Unlike alcohol, a test that shows level of marijuana impairment is not available. Instead a person can test positive weeks after using marijuana. One alternative approach to simply banning marijuana use as a component of the company drug and alcohol policy is to cover impairment in the safety policy under fitness for duty.

Start off by requiring employees disclose when they start taking any drug that causes impairment when working a safety sensitive job. This can be marijuana or a cold medicine, and the employee doesn’t have to disclose the drug or medical condition.

Be sure to update all job descriptions to define all safety sensitive jobs in compliance, by just listing essential job functions. Have a policy that states when an employee works in a safety sensitive job they should be able to work in a constant state of alertness and in a safe manner, and disclose when they have taken an impairing effect prescription or other substance.

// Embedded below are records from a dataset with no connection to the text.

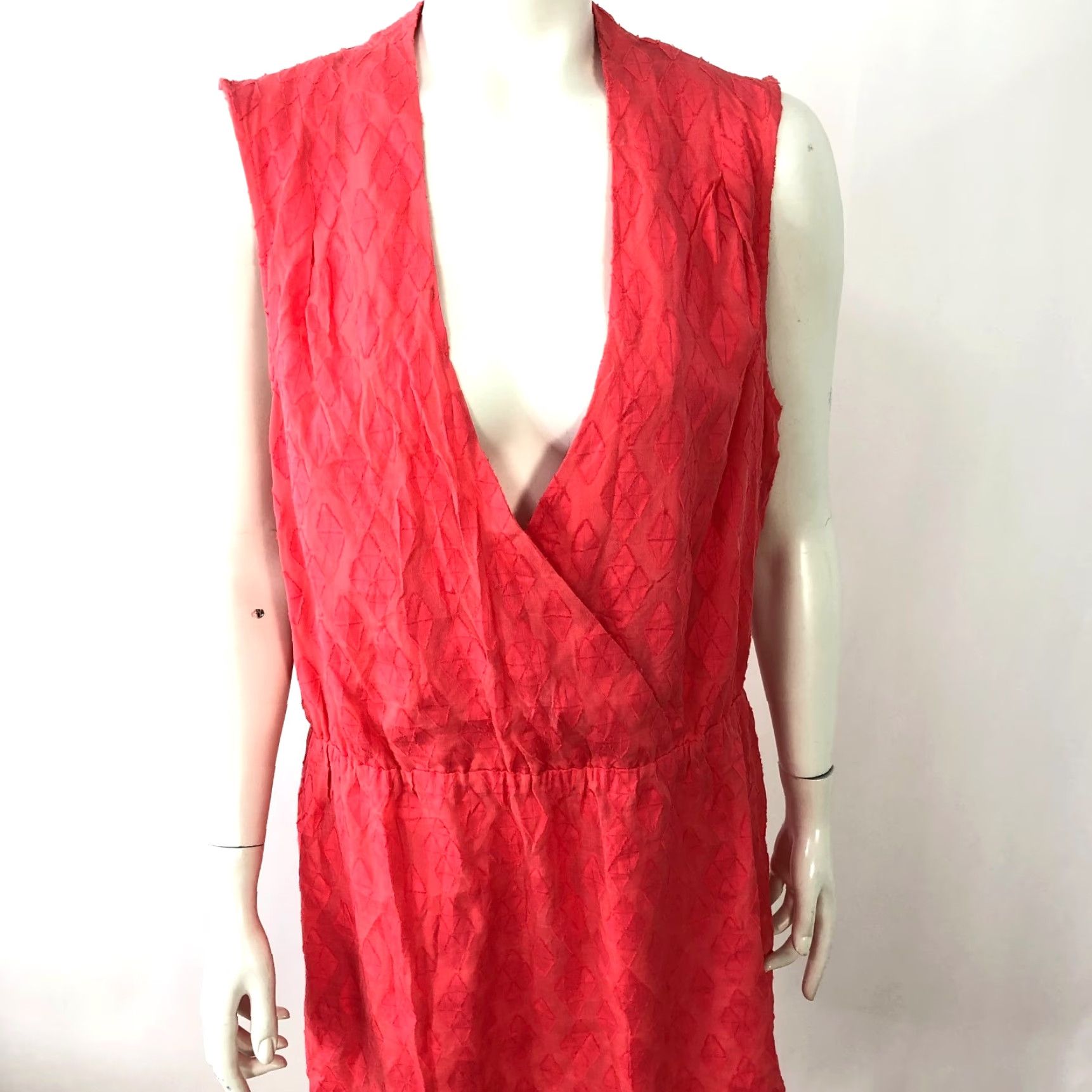 Tori Richard Tori Richard NO TAG LG Distressed Silk Cotton A-Line Wrap Knee Dress Orange Red Shirt? Size L / US 10 / IT 46 - 2 Thumbnail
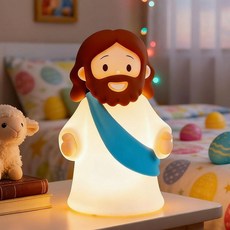 Jesus 야간 조명 충전식 침대 옆 조도 조절 가능한 실리콘 LED 조명 종교 모임 주일학교 선물 세례 부활절 달걀 장식에 이상적 (블루)_182346, 블루_182346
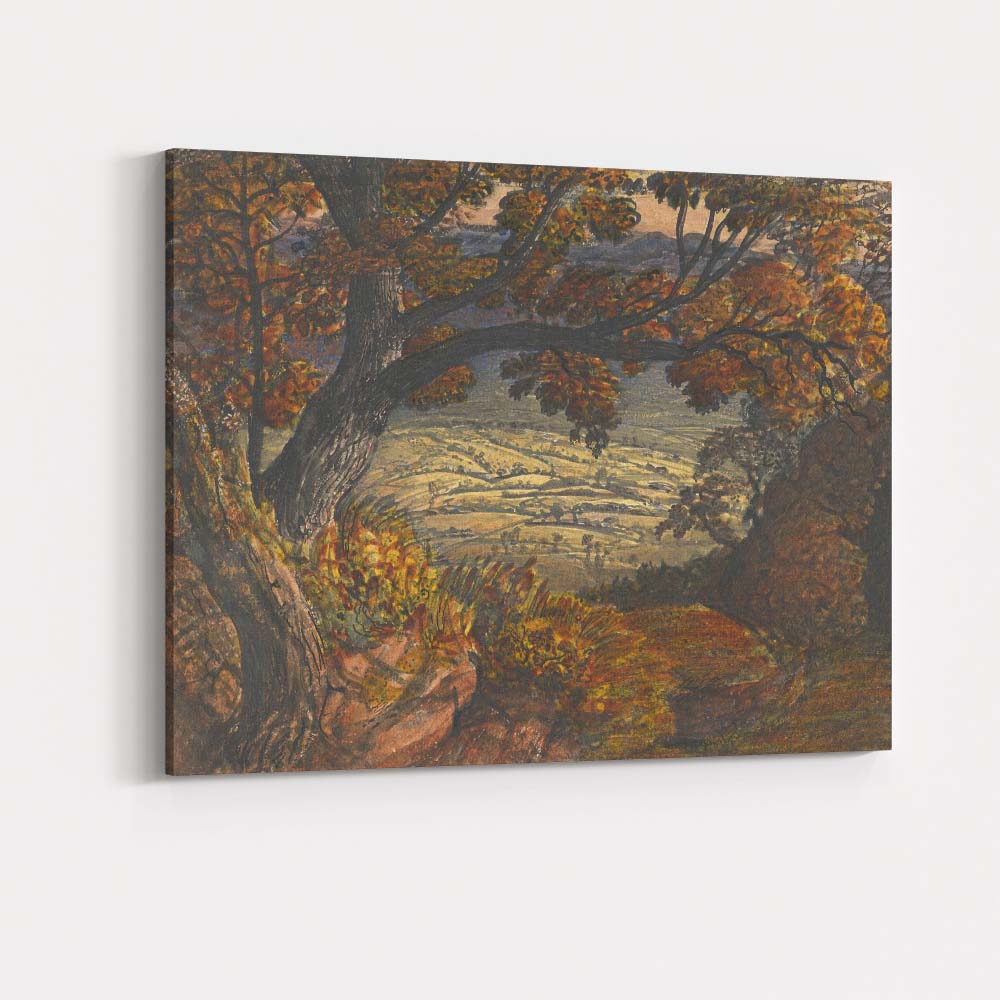 Autumn Woodland Valley Scenic Landscape Painting Canvas Wall Art Print Decor Picture Ready to Hang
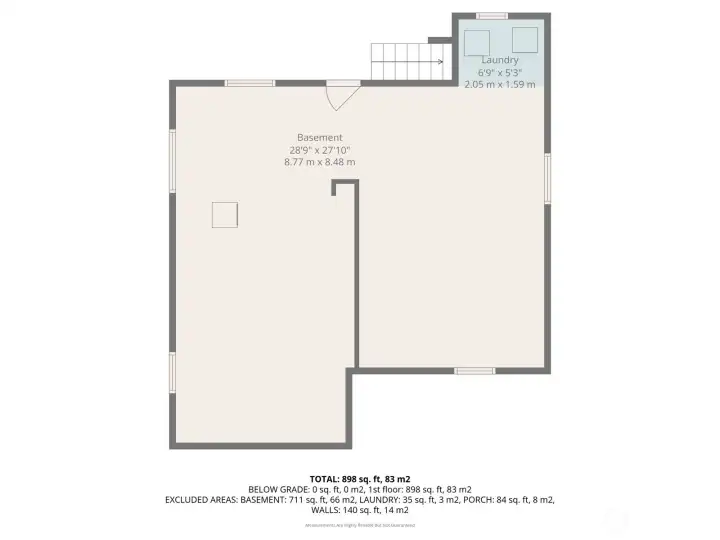 Unfinished basement floorplan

Then the employer has the right to make a fitness for duty determination or send the employee to an occupational doctor for a fitness for duty evaluation with a copy of the job description. If it comes back that they are impaired and didn’t tell you, then you can manage that under your safety policy, and not your drug policy.

Make sure that all employees have a copy of the written company policy and education on drug and alcohol abuse that includes where to get more information. Supervisors need recurrent training on the effects of drugs and alcohol and how to determine reasonable suspicion.

Everybody needs to know the company position on medical and recreational marijuana and other prescription drug use through a consistent and proactive policy that includes appropriate testing.